#### Assigned task
When you retype the data, keep every word exactly and include none of the pictures.

#### Provided data
____________________

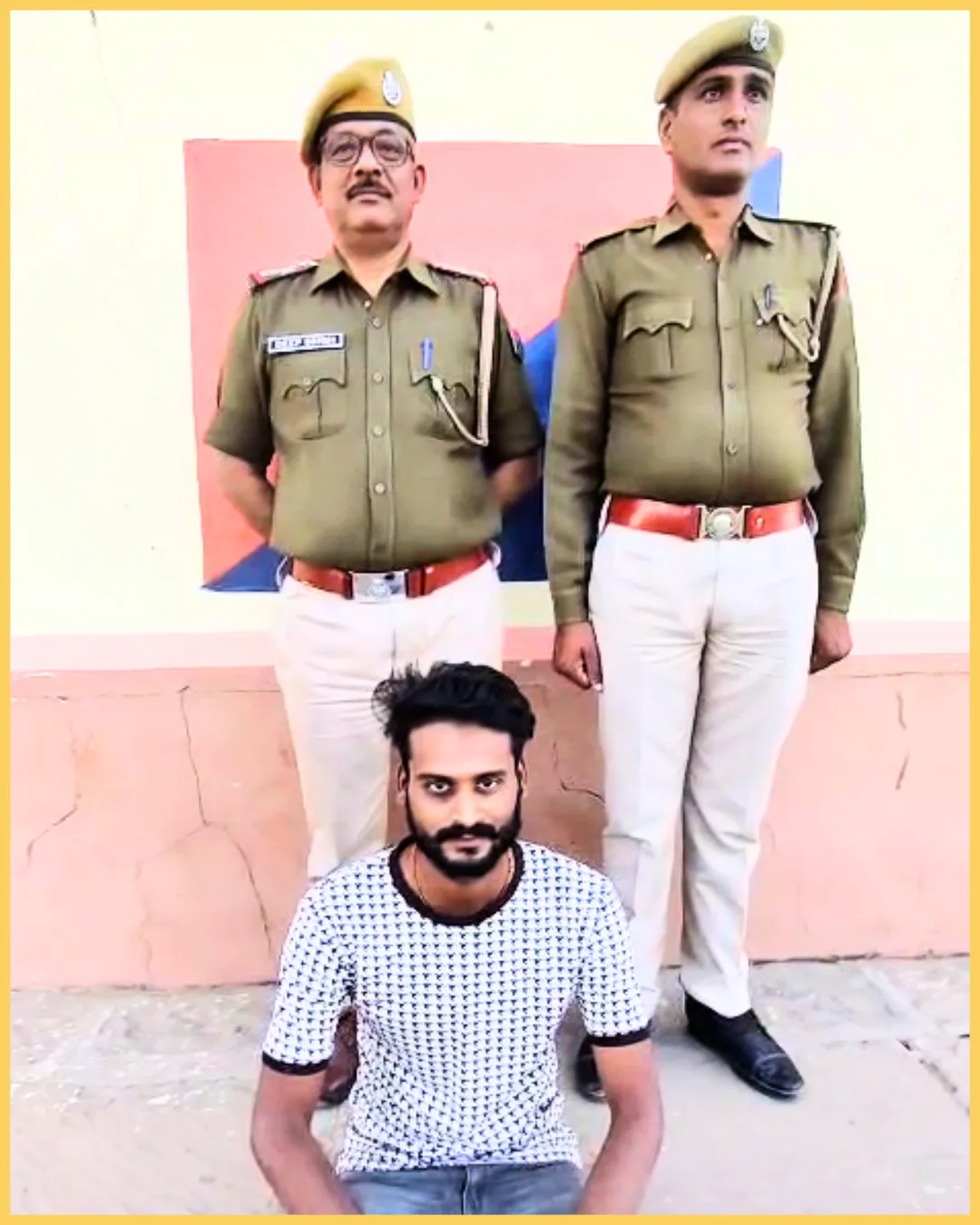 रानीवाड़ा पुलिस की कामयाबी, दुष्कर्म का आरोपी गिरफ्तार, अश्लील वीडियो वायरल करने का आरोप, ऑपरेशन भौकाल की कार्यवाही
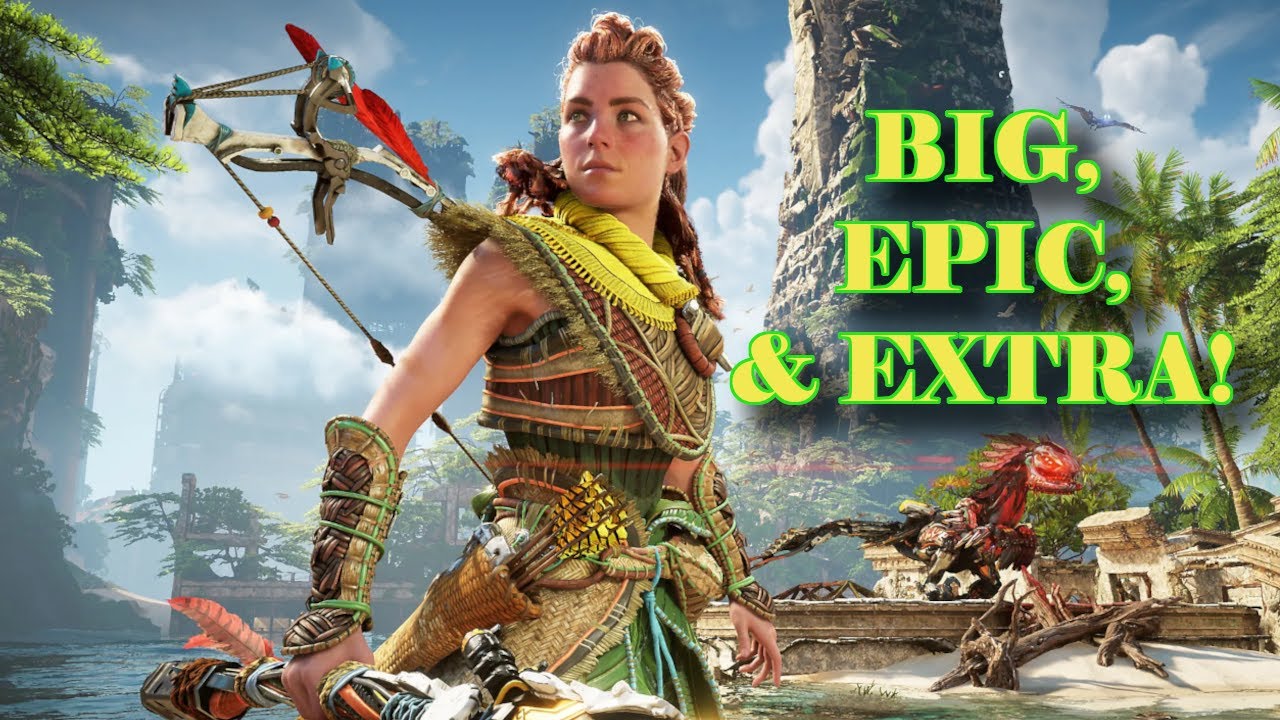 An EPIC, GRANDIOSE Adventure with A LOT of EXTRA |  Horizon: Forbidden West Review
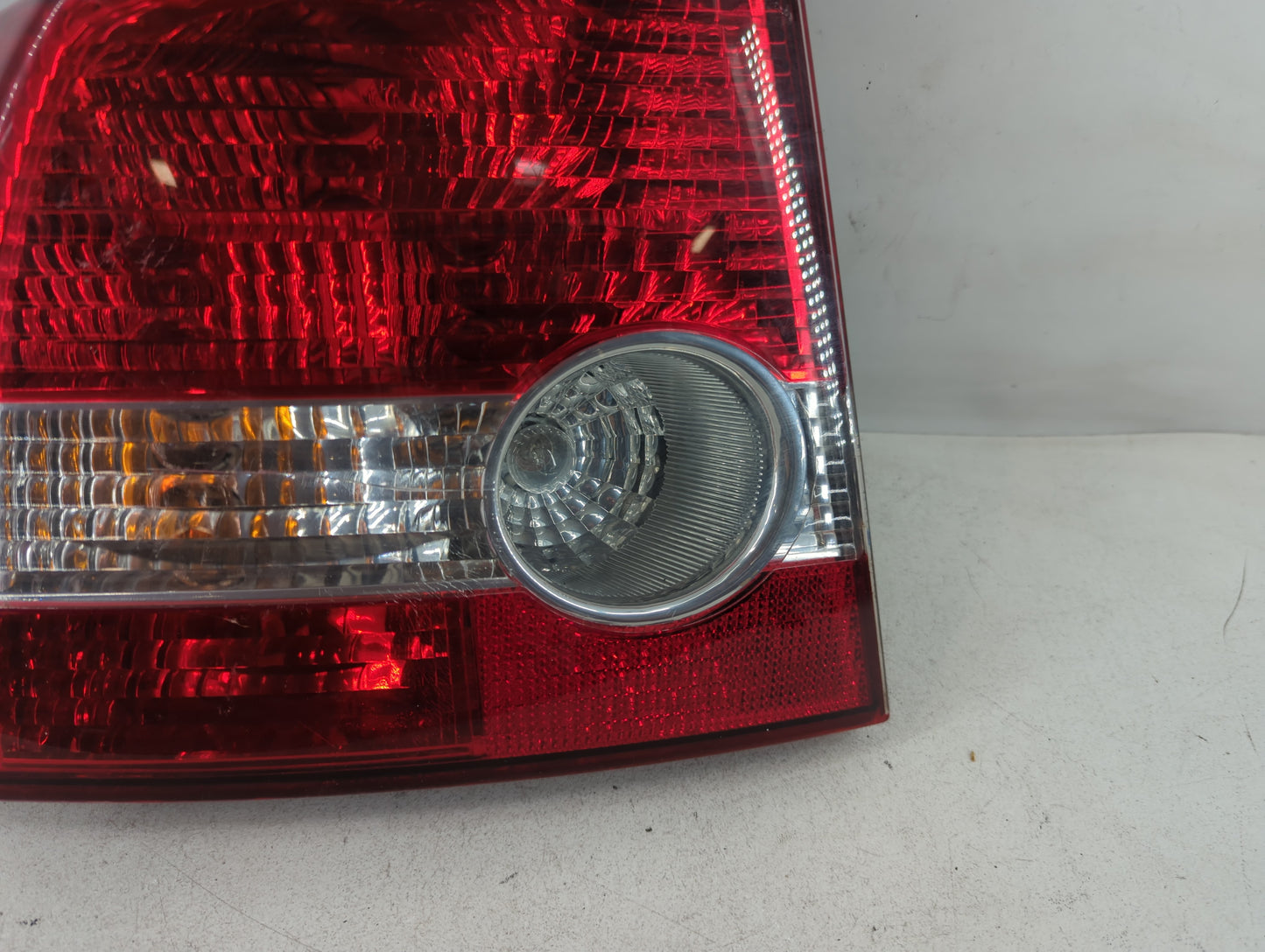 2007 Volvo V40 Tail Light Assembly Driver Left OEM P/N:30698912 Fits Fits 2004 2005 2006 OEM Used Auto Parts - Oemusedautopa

____________________

#### Result
 रानीवाड़ा पुलिस की कामयाबी, दुष्कर्म का आरोपी गिरफ्तार, अश्लील वीडियो वायरल करने का आरोप, ऑपरेशन भौकाल की कार्यवाही
 An EPIC, GRANDIOSE Adventure with A LOT of EXTRA |  Horizon: Forbidden West Review
 2007 Volvo V40 Tail Light Assembly Driver Left OEM P/N:30698912 Fits Fits 2004 2005 2006 OEM Used Auto Parts - Oemusedautopa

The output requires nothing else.